Demand Zones: Detected when 3 or more bullish candles appear with above-average volume. The script looks up to 5 bars back for a bearish candle and plots a demand zone from its high to its high minus ATR.
Volume Weighting: Each zone displays the cumulative bullish or bearish volume within the move leading to the zone.
Tested Zones: If price re-enters a zone and touches its boundary after being extended for 15 bars, the zone becomes dashed , indicating a potential weakening of that level.
Overlap Logic: Older overlapping zones are removed automatically to keep the chart clean and only show the most relevant supply/demand levels.

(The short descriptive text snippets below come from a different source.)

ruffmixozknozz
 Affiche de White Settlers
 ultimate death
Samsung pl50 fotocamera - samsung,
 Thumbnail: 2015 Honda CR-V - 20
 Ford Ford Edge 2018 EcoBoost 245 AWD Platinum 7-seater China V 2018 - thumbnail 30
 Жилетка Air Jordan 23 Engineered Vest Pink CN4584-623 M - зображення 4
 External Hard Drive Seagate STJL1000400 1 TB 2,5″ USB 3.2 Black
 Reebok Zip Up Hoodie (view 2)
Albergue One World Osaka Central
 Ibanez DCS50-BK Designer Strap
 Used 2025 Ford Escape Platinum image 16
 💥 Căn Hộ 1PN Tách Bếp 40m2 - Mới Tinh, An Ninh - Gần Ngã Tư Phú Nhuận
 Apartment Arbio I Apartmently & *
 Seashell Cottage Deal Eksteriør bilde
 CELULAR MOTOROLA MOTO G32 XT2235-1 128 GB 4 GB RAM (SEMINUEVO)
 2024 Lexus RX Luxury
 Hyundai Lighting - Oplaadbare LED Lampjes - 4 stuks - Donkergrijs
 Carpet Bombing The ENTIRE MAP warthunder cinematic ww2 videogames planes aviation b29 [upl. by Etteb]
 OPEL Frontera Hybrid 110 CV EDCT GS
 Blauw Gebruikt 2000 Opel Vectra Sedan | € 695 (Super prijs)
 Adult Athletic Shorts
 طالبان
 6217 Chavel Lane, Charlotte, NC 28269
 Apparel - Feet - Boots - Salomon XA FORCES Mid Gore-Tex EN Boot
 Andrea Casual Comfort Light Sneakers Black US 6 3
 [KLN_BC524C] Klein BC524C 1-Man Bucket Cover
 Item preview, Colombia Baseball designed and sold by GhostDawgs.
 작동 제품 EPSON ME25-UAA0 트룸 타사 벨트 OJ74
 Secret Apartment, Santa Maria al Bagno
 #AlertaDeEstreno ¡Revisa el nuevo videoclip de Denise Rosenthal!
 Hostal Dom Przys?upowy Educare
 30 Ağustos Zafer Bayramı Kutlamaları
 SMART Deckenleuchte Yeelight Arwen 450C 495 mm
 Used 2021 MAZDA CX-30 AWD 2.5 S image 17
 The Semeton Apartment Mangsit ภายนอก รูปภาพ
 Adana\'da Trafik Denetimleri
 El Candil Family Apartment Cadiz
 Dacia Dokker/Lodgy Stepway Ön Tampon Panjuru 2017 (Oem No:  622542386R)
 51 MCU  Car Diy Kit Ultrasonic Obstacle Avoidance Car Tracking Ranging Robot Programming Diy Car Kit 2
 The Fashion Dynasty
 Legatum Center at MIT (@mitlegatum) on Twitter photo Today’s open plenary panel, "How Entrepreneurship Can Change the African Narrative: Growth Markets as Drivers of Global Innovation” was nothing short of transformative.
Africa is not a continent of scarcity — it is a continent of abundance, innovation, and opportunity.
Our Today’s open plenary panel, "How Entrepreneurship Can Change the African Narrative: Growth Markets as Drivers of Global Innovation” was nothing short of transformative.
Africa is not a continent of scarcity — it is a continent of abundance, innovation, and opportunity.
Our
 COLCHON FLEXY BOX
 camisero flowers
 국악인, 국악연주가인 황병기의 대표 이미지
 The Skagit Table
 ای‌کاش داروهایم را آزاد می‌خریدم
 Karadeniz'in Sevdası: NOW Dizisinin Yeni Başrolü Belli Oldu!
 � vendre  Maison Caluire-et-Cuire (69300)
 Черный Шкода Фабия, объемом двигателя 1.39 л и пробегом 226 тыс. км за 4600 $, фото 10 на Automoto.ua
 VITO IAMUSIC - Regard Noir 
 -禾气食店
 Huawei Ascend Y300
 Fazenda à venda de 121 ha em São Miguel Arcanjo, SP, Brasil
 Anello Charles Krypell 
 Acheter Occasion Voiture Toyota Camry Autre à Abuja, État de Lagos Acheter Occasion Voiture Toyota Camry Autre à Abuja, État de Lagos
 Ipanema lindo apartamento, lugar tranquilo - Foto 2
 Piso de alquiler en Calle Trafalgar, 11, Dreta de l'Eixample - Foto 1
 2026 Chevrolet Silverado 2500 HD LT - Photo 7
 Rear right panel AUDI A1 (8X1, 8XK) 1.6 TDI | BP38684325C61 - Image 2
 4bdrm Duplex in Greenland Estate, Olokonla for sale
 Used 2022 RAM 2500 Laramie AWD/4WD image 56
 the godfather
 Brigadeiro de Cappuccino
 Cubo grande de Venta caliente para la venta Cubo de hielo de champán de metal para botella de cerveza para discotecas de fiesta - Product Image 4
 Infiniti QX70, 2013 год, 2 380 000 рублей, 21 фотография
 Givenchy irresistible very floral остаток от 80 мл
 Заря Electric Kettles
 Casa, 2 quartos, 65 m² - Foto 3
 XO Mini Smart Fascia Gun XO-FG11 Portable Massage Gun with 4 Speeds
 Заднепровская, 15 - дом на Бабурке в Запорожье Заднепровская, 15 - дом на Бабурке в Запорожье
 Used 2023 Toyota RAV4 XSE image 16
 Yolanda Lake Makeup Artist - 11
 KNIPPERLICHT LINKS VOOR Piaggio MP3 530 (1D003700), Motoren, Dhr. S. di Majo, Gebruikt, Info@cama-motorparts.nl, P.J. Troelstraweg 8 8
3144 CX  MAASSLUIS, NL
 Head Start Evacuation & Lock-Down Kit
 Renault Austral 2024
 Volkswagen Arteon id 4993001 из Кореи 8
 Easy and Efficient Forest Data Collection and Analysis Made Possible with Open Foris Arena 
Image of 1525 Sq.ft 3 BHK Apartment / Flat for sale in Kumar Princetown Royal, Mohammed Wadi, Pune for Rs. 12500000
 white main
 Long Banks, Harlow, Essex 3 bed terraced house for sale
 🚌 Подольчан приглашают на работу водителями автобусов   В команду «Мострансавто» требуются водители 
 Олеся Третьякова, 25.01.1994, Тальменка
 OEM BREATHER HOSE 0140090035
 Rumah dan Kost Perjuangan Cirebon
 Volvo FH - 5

Zone Expiry: Zones are also deleted after they’re fully broken by price (i.e., price closes above supply or below demand).
🔵 FEATURES
Auto-detects supply and demand using volume and candle structure.
Extends valid zones to the right side of the chart.
Solid borders for fresh untested zones.
Dashed borders for tested zones (after 15 bars and contact).
Prevents overlapping zones of the same type.
Labels each zone with volume delta collected during zone formation.
Limits to 5 zones of each type for clarity.
Fully customizable supply and demand zone colors.
🔵 HOW TO USE
Use supply zones as potential resistance levels where sell-side pressure could emerge.
Use demand zones as potential support areas where buyers might step in again.
Pay attention to whether a zone is solid (untested) or dashed (tested).
Combine with other confluences like volume spikes, trend direction, or candlestick patterns.
Ideal for swing traders and scalpers identifying key reaction levels.
🔵 CONCLUSION
Supply and Demand Zones is a clean and logic-driven tool that visualizes critical liquidity zones formed by institutional moves. It tracks untested and tested levels, giving traders a visual edge to recognize where price might bounce or reverse due to historical order flow.